Профессор считает, что все врачи, включая его самого, виноваты перед Машей и ее родителями.

- В тот вечер, насколько я знаю, на бодрое папино «Мы вылечимся» Маша ответила: «Я очень устала». Если больной ребенок говорит такое, его надо срочно в реанимацию. Ребенок чувствует усталость, когда у него шок, острое состояние, сильная потеря жидкости или сепсис, нарушение мозгового кровообращения. Именно это и происходило с Машенькой в последние дни. Вскрытие показало: развивался сепсис, произошел отек головного мозга. Это можно было бы разглядеть и предотвратить, если бы рядом оказался гематолог!

Эта ужасная ситуация стала реальна потому, что в Морозовской больнице нет дежурных гематологов! А это совершенно недопустимо там, где есть дети с лейкозом. Ведь у них в любой момент может развиться состояние, пограничное между жизнью и смертью. И тогда обычный педиатр не справится, он не знает специфики!

Например, у нас в Российской детской клинической больнице каждую ночь дежурят по два гематолога. И реанимация работает как часы. Берут наших детей без звука, потому такой высокий процент спасенных. А коллеги из Морозовской рассказывали мне, как часто они на руках приносили лейкозных детей к реанимации и подолгу стучали в запертую дверь, но им не открывали. Потому что там все еще живо советское наследие. Десять лет назад и многие РДКБшные реаниматологи были убеждены, что «больному раком ребенку все равно умирать, не стоит дергаться». Но медицина шагнула далеко вперед, и половина таких больных выживает!

Дежурная врач не имела права уходить. Она обязана была сама отнести Машу и сделать все возможное, чтобы реаниматологи ее взяли.

Но Кондратчик тоже обязан был позвонить реаниматологам. Скомандовать медсестрам нести Машу туда... Почему он этого не сделал? Я давно знаю Константина Леонидовича, и, поверьте, он хороший врач, очень трогательно относится к больным... Я думаю, сработал человеческий фактор. Его сломила система. Как врач он, безусловно, допустил грубую ошибку. Но если тебе много лет подряд вбивают в голову, что твоих детей реанимация не берет, в конце концов ты этому подчиняешься.

Менять надо систему. Наше гематологическое сообщество давно кричит о необходимости своего реанимационного блока в каждой гематологии. У нас даже проект приказа по этому поводу в министерстве лежит. Только никому до него дела нет.

У нас были все шансы спасти Машу в тот вечер. Я говорю «у нас», потому что и с себя вины не снимаю. Я же смотрел ее за день до смерти и не рассмотрел, что ее состояние настолько тяжело. Правда, я назначил многие анализы, которые почему-то раньше не догадались сделать лечащие врачи. Не знаю, можно ли было ее вылечить окончательно. Бывает, рак все равно берет свое. Но сделать все возможное для ее спасения было необходимо. Но не сделали. Ребенка бросили умирать на руках родителей. И это наше преступление.

ОТ РЕДАКЦИИ

О смерти вообще писать тяжело.
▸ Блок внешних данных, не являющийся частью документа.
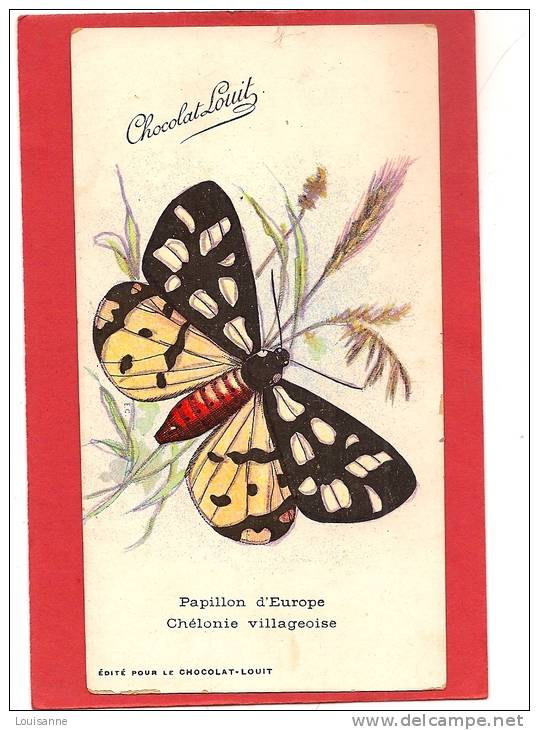 12 / 8 / 360  - Carte Pub. Chocolat  Louit  - Papillon - Insectes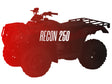 CW Motorsports Remanufactured Engine, Honda Recon 250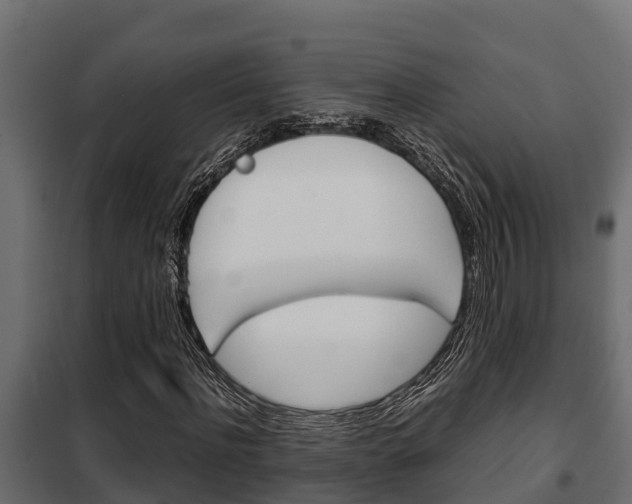 X0000102470916200808081006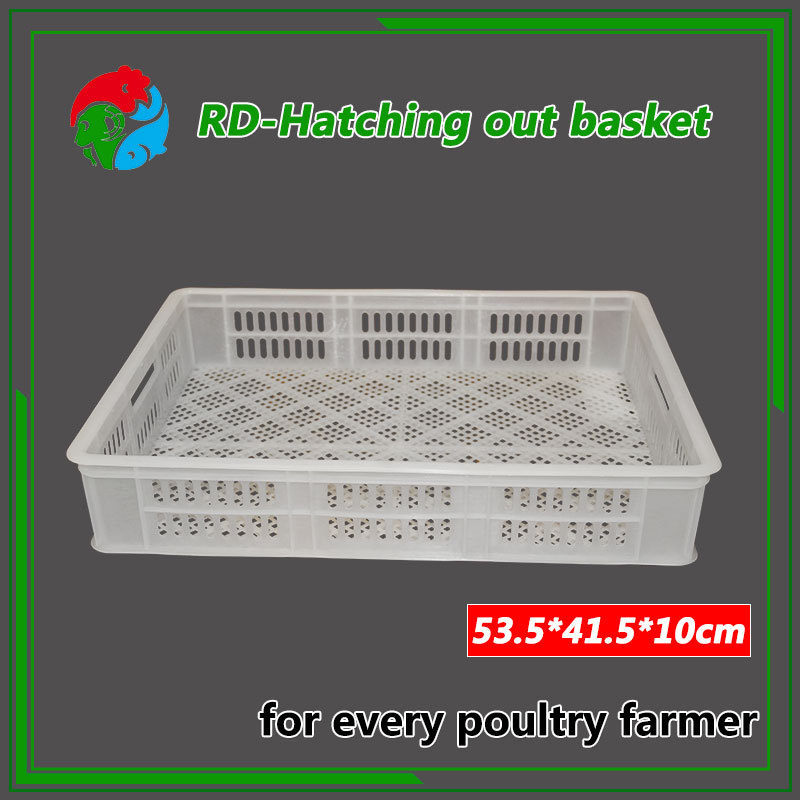 2021 top sale chicken coop pigeon cage for sale plastic transport pigeon cage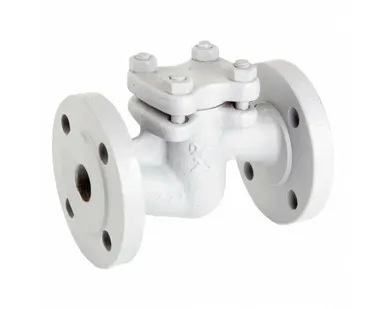 фото Клапан обратный подъемный 16с13нж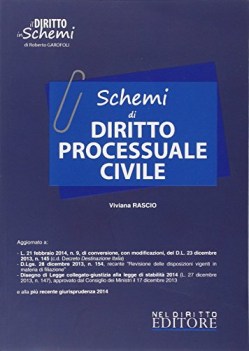 schemi di diritto processuale civile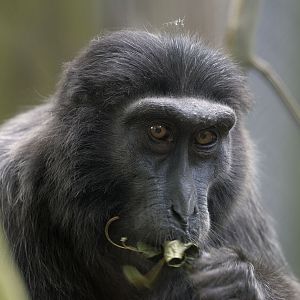 Hecks Macaque
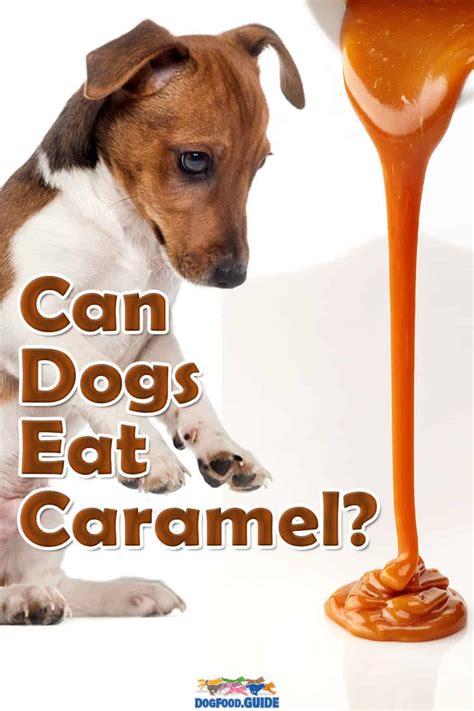 Can dogs eat caramel?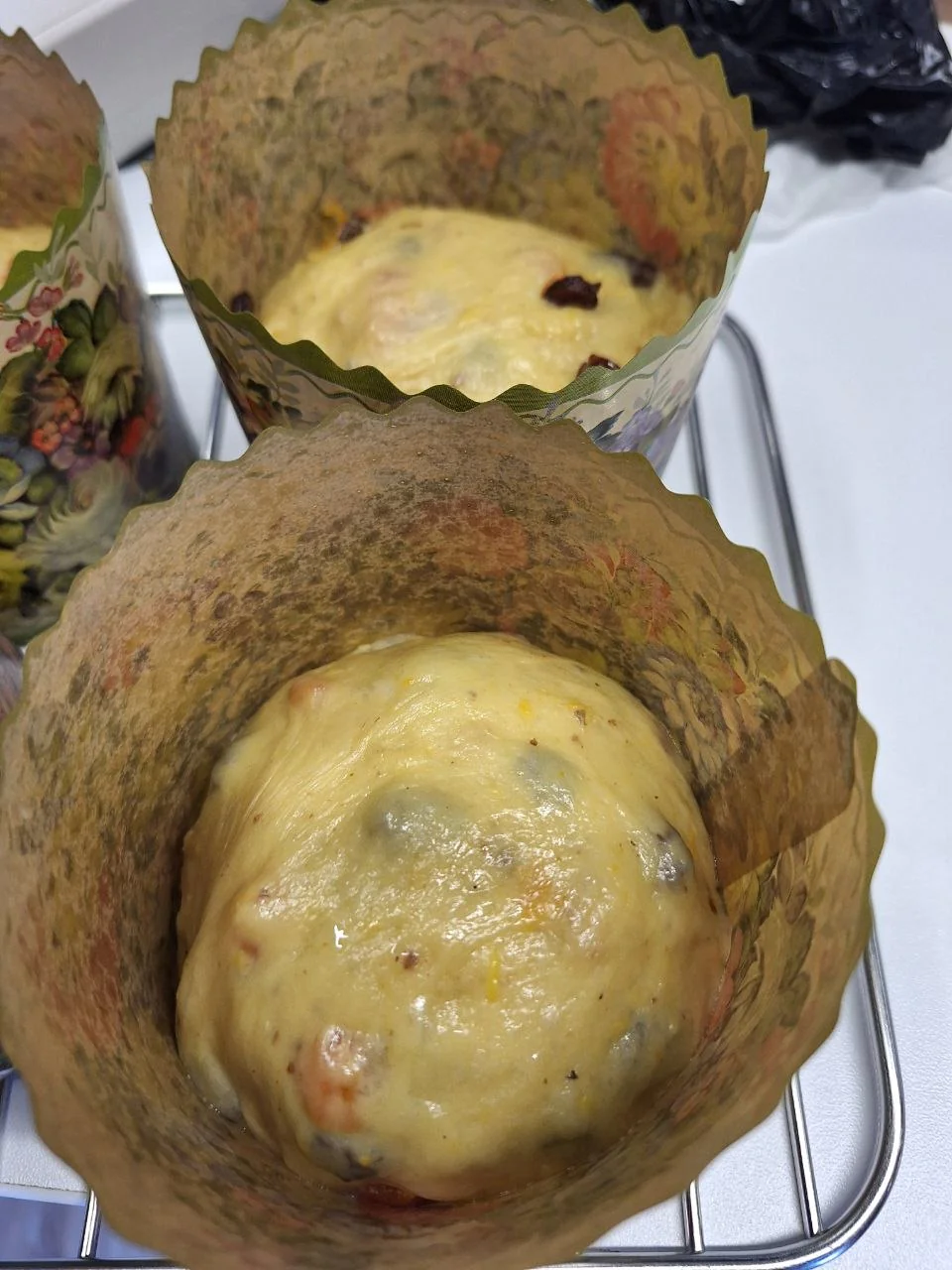 Марта Денисюк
О смерти ребенка - тем более. И мы в редакции тоже колебались: а нужно ли вообще печатать этот ужас. И так в жизни страшного хватает.
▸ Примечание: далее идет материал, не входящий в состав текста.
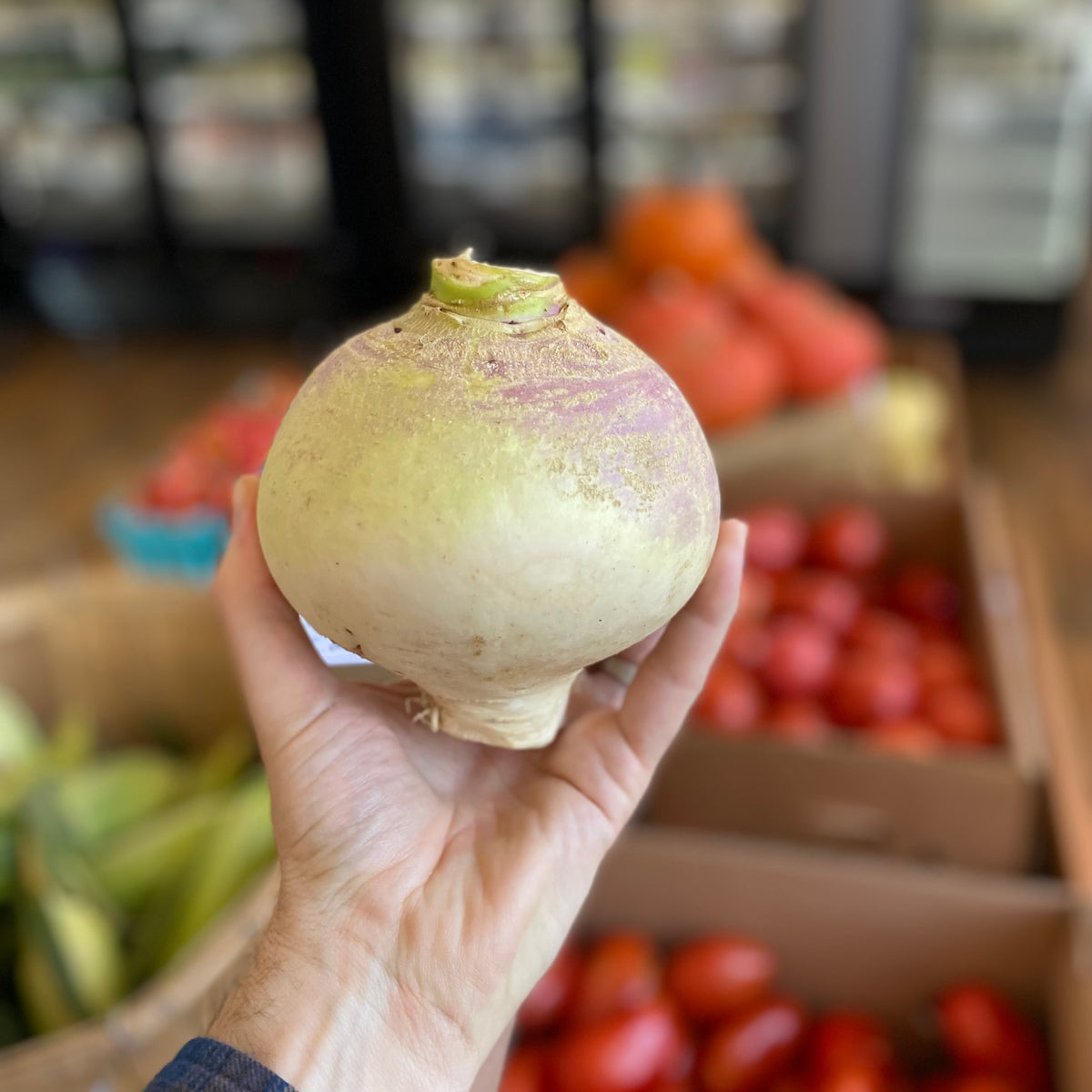 Macomber Turnip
Одни убеждали: надо! Хотя бы для того, чтобы не повторялись такие трагедии. Наша медицина тяжело больна, тут валерьянка не поможет, нужен скальпель. Другие уверяли: публиковать нельзя. Не надо это читать живым! Не надо вводить читателей в депрессию.
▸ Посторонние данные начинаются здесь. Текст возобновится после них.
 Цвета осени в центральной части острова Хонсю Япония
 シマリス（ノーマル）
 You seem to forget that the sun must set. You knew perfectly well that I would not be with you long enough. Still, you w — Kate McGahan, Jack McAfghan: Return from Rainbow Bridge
Вот мнение одной из наших журналисток: прочитала сквозь слезы. Ужас перед смертью, собирающей свою неотвратимую жатву, и безысходность мучили до утра. При этом, прости, Господи, осталось чувство, что девочку спасти было нельзя. Не лечится пока такое заболевание, как смерть... И не помещают умирающих в реанимацию, знаю это, папу похоронила.

А доктора в Морозовской больнице - фанаты и подвижники. Работать остались, не прельстясь клиниками пластической хирургии или распространением биодобавок, в массе только те, кто видит в этом высокий смысл, который выражается нелепо звучащими сегодня словами «долг», «если не я, то кто?».

Уважаемые читатели, а что вы думаете о ситуации с Машей и врачами? Должны ли реаниматологи до конца биться за жизнь детей? Стоит ли журналистам писать о таких случаях?